Cloud Computing

BGI is constantly developing the hardware and software to handle the huge volumes of bioinformatics data using HPC (High Performing Computing) and Cloud computing, and aims to process massive amounts of data with lower cost and higher efficiency to help researchers from all over the world facilitate their research work.

 Figure 1. Improvement of computing & storage capability in BGI

Two Centers of Cloud Computing in BGI

Currently, there are two large centers in BGI’s cloud computing platform — Bio-Data Centre (CliMB) and Biol-Cloud Computing centre (BGI Cloud).

Bio-data Centre - CliMB

CLiMB is a bio-data center that was independently designed by BGI. The core features include data service, sequence alignment and many others. Building a world-class bio-data center will provide the data support for the health and sustainable development of life science industry and provide high-quality data for researchers from the biology field. CLiMB also supports the data service for Giga Science, a journal published by BGI in partnership with BioMed Central.

Linkage: http://climb.genomics.org.cn

Bio- Cloud Computing Centre - BGI Cloud

BGI Cloud applies advanced technology for cloud storage and cloud computing, integrating the common data and valuable, specific sequencing data of BGI in the field of genomics. BGI also deploys standard bioinformatics analysis pipelines and many kinds of alignment and analysis software to build a set of easy-to-use, flexible, one-stop automatic services for mass data storage and computing. Users are able to remotely conduct the sequencing data processing through the network and get access to the bioinformatics analysis resource anytime anywhere. By integrating powerful computing hardware and rich application software, BGI Cloud provides an end-to-end computing service solution to users around the world. 

BGI Cloud Workflow

 Figure 2. BGI Bio-Cloud Workflow

Cloud-Based Software in BGI

BGI has developed two new cloud-based software-as-a-service offerings for next-gen data analysis called Hecate and Gaea. They are “flexible computing” solutions for de novo assembly and genome re-sequencing.

Hecate

Hecate is based on a series of distributed algorithms on map/reduce framework to recognize and simplify non-branching repeat-free regions of the genome, correct errors and resolve the ambiguous bubbles and short repeats. Together with the distributed graph shrinkage algorithms to construct a linear DNA sequence, Hecate offers greatly reduced running time and hardware cost for short sequence assembly.
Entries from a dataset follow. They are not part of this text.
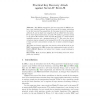 Practical Key Recovery Attack against Secret-IV Edon-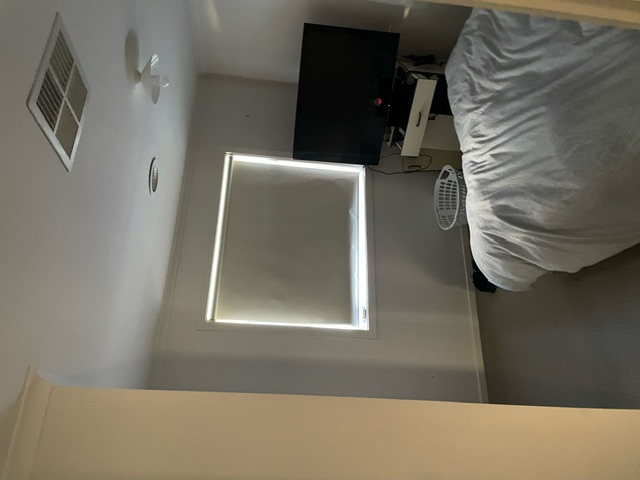 Accessible SIL Accommodation with One Vacant Room in White Hills — Home image 5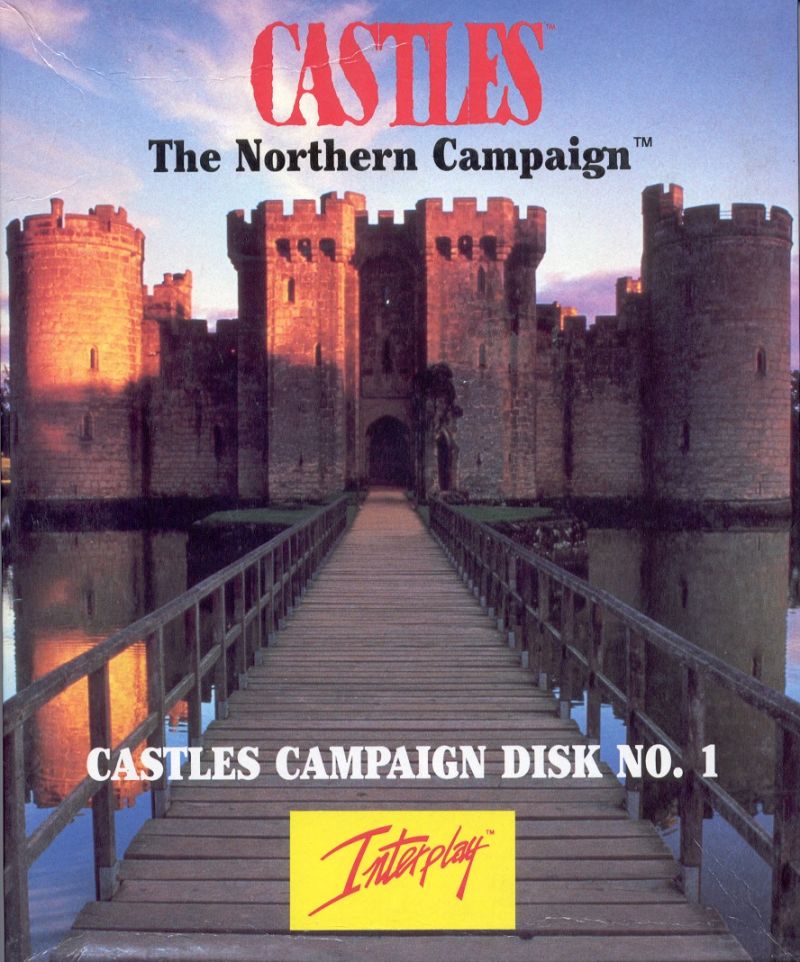 Castles: The Northern Campaign player count stats
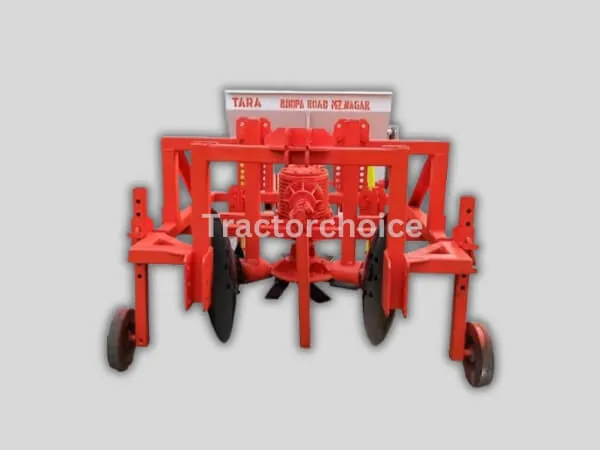 RATOON MANAGER Image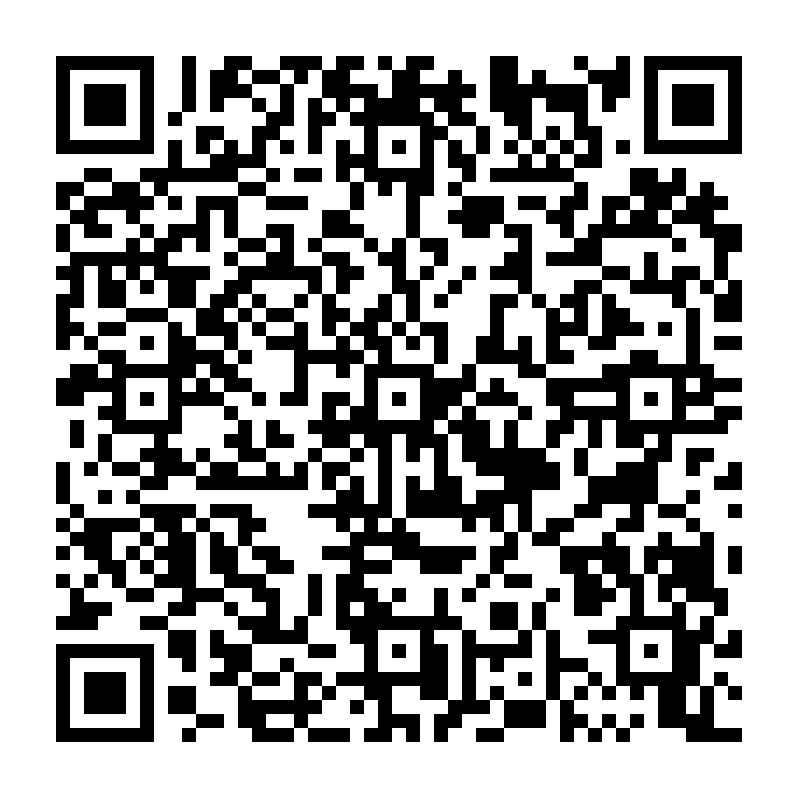 QR kod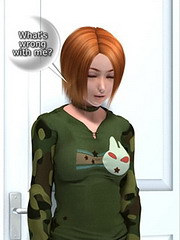 Video: full-bosomed babe fucked by monster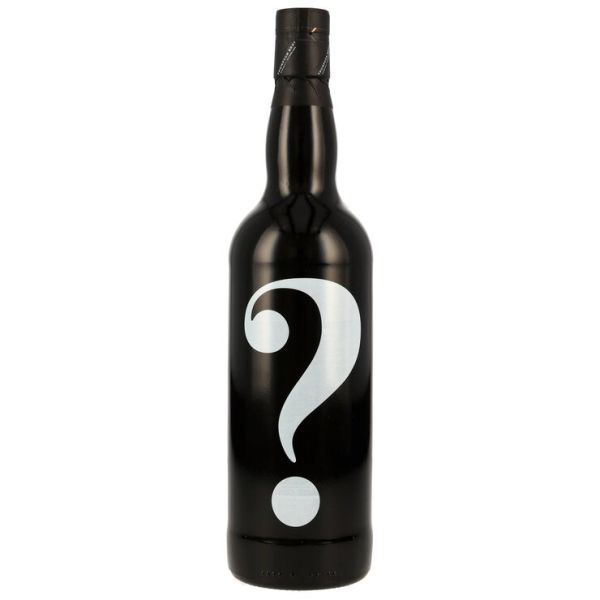 Mystery Malt Thompson Bros. Single Malt Scotch Whisky Series No.5
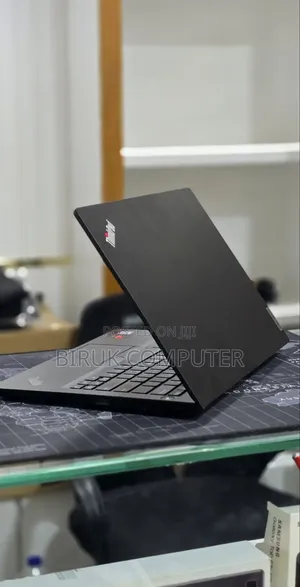 New Laptop Lenovo ThinkPad T14 G3 16GB AMD Ryzen 7 SSD 512GB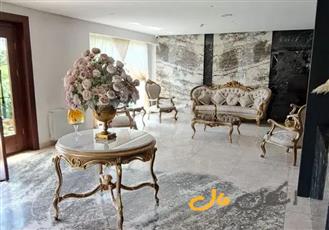 شمال جردن ۱۷۵ متر ۲ پارکینگ با استخر و لابی مجلل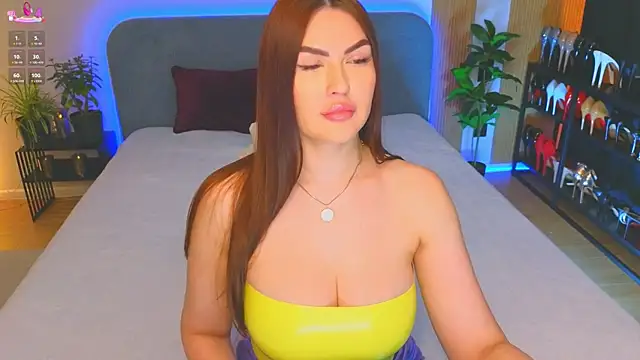 Kira from UA online show from 13, 6, 2026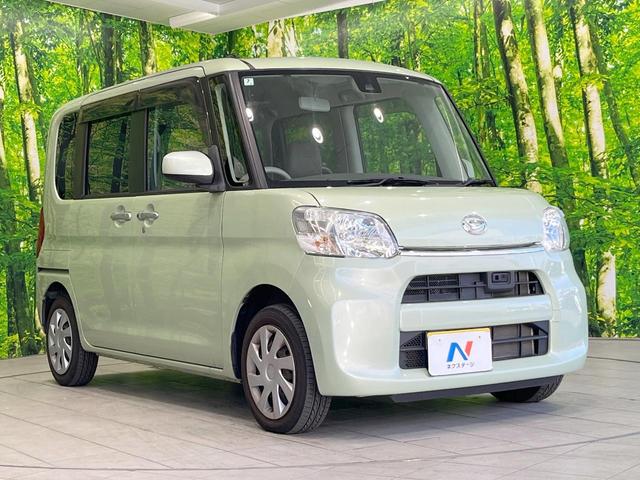 タント Ｘ　ＳＡＩＩ　電動スライドドア　純正ＳＤナビ　バックカメラ　衝突被害軽減システム　禁煙車　スマートキー　オートライト　オートエアコン　Ｂｌｕｅｔｏｏｔｈ　ＤＶＤ再生　フルセグ（16枚目）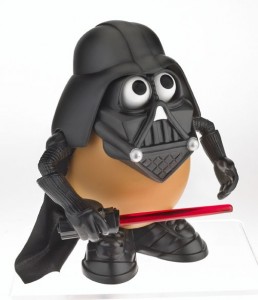 Star Wars Darth Tater(1)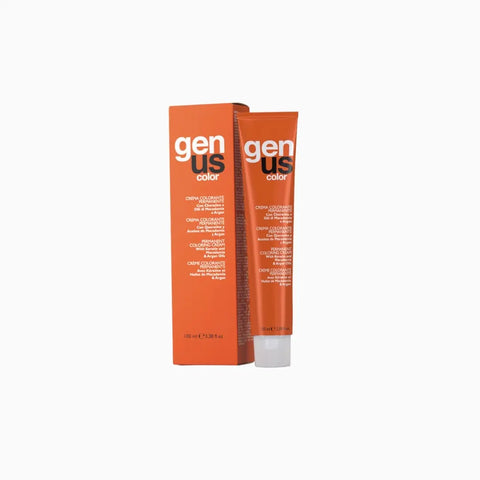 GenUs - Permanently Coloring Concealers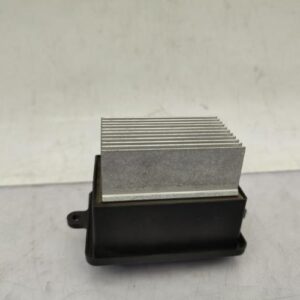 Resistance chauffage PEUGEOT EXPERT 3 PHASE 1 Diesel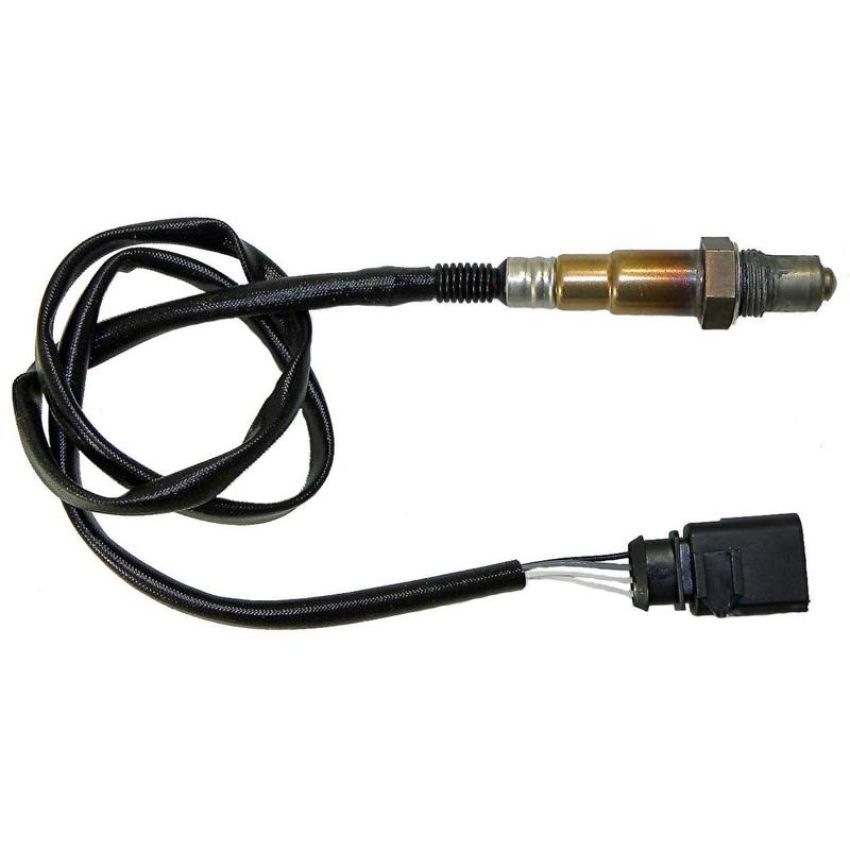 Walker Products 350-34071 Walker Products 350-34071 Oxygen Sensor 4-W Direct Fit Narrow-Band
For example, using 96 Hecate cores, the genome coverage would increase to 84% in 42 hours at a price of $60,000, a savings of 28 hours and $90,000 compared to SOAPdenovo running on a single server (Table 1).

Human Genome SOAP de novo Hecate (48 cores) Hecate (96 cores)
Genome Coverage 80% 84% 84%
Contig N50 1,050 940 940
Contig N90 205 100 100
Scaffold N50 440,000 300,000 300,000
Scaffold N90 78,000 20,000 20,000
Mismatch Rate 10-6 10-6~10-5 10-6~10-5
Assembly Time 70 Hours 76 Hours 42 Hours
Number of Servers 1 6 12
Memory Size 500 GB x 1 24 GB x 6 24 GB x 12
Hardware Price USD 150,000 USD 30,000 USD 60,000
Mode Centralized Distributed Distributed

Table 1. The performance comparisons of Hecate & SOAPdenovo

Gaea

Gaea is designed to distribute re-sequencing computation to a cluster of nodes based on the Hadoop Streaming framework with personalized algorithm interfaces for running the SOAP2, BWA, SAMTools, SOAPsnp, DIndel, and BGI’s realSFS. Gaea is designed to distribute re-sequencing computation to a cluster of nodes to greatly reduce the running time and hardware cost. For the current version of Gaea (v 1.2), speed increases of 75x for SOAP2 and 90x for BWA using 100 cores. At 400 cores those numbers rose to 300x and 346x speed increases compared to running either algorithm on a single core.

  Time
(1 core)
Speedups
(100 cores)
Speedups
(200 cores)
Speedups
(400 cores)
SOAP2 82,200s 75x 152x 300x
BWA 62,000s 90x 168x 346x
Samtools 360s 80x 155x 300x
DIndel 46,000s 60x 112x 210x
realSFS 4,000s 40x 75x 140x
Hardware Expense $400 $40,000 $80,000 $160,000
Mode Centralized Distributed Distributed Distributed

Table 2. The performance of Gaea software.